ECLI:NL:CRVB:2011:BR3295
Centrale Raad van Beroep
- Hoger beroep
- Rechtspraak.nl
Toekenning van bijzondere bijstand in de vorm van een geldlening door het College van burgemeester en wethouders van de gemeente Groningen
In deze zaak gaat het om de toekenning van bijzondere bijstand aan appellante, die een aanvraag had ingediend voor de kosten van een babyuitzet voor een tweeling. De aanvraag werd door het College van burgemeester en wethouders van de gemeente Groningen op 12 juni 2008 goedgekeurd, maar in de vorm van een geldlening van € 923,54. Appellante ging in bezwaar tegen dit besluit, maar het College verklaarde het bezwaar ongegrond op 15 augustus 2008. De rechtbank Groningen bevestigde deze beslissing in haar uitspraak van 20 mei 2009, waartegen appellante hoger beroep aantekende.

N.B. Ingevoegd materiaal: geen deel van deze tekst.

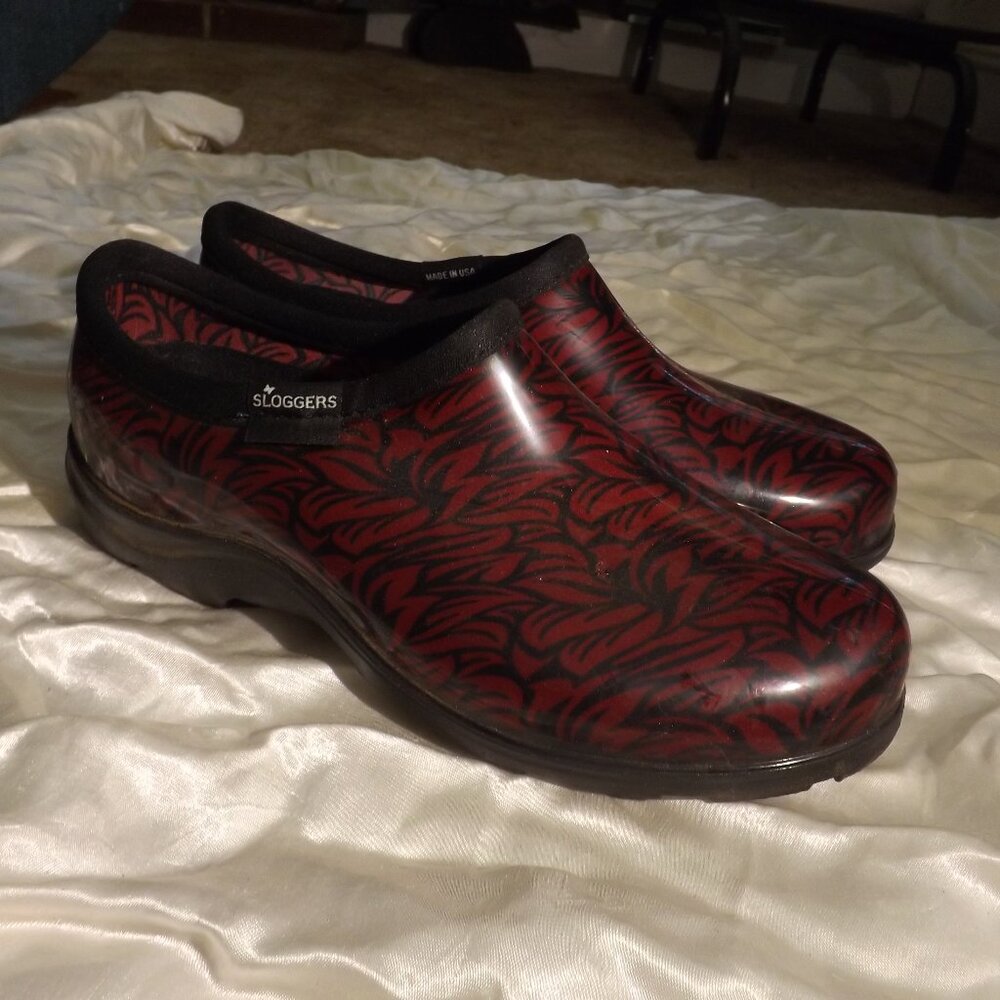 Sloggers Garden Shoes Women's Size 8 Red Floral Waterproof Made USA Low Top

De Centrale Raad van Beroep heeft de zaak op 26 juli 2011 behandeld. Appellante stelde dat zij recht had op bijzondere bijstand en dat deze niet in de vorm van een geldlening verstrekt had moeten worden. De Raad oordeelde dat het College bevoegd was om bijzondere bijstand in de vorm van een geldlening te verlenen, zoals vastgelegd in artikel 51, eerste lid, van de Wet werk en bijstand (WWB). De Raad concludeerde dat er geen bijzondere omstandigheden waren die een afwijking van het beleid van het College rechtvaardigden.

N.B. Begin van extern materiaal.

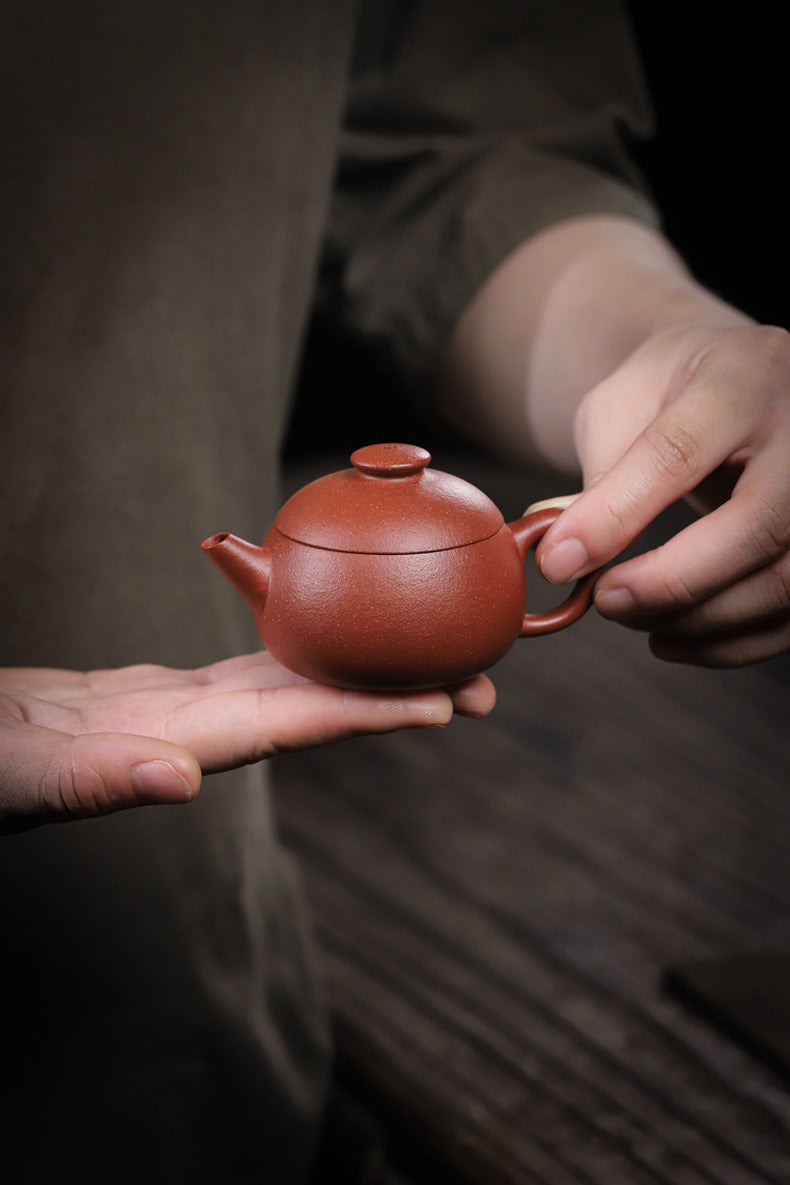 [Chingshui Tang 青水堂] Handmade Yixing Zisha Sandy Purple Clay Teapot – 90ml Handmade Original Ore Jiangpo Clay Bowl-Shaped Teapot, Thin Body with Built-in Filter, Gongfu Small Teaware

De Raad merkte op dat de omstandigheden van appellante, zoals haar schuldenlast, niet relevant waren voor de vorm waarin de bijstand werd verleend, maar enkel voor de vraag of er recht op bijstand bestond. De Raad bevestigde dat het College het beleid volgde om bijstand voor de aanschaf van een babyuitzet te verlenen in de vorm van een borgstelling voor een lening, en dat als dat niet mogelijk was, de bijstand in de vorm van een geldlening verstrekt moest worden. De Raad besloot dat het hoger beroep van appellante niet slaagde en bevestigde de uitspraak van de rechtbank.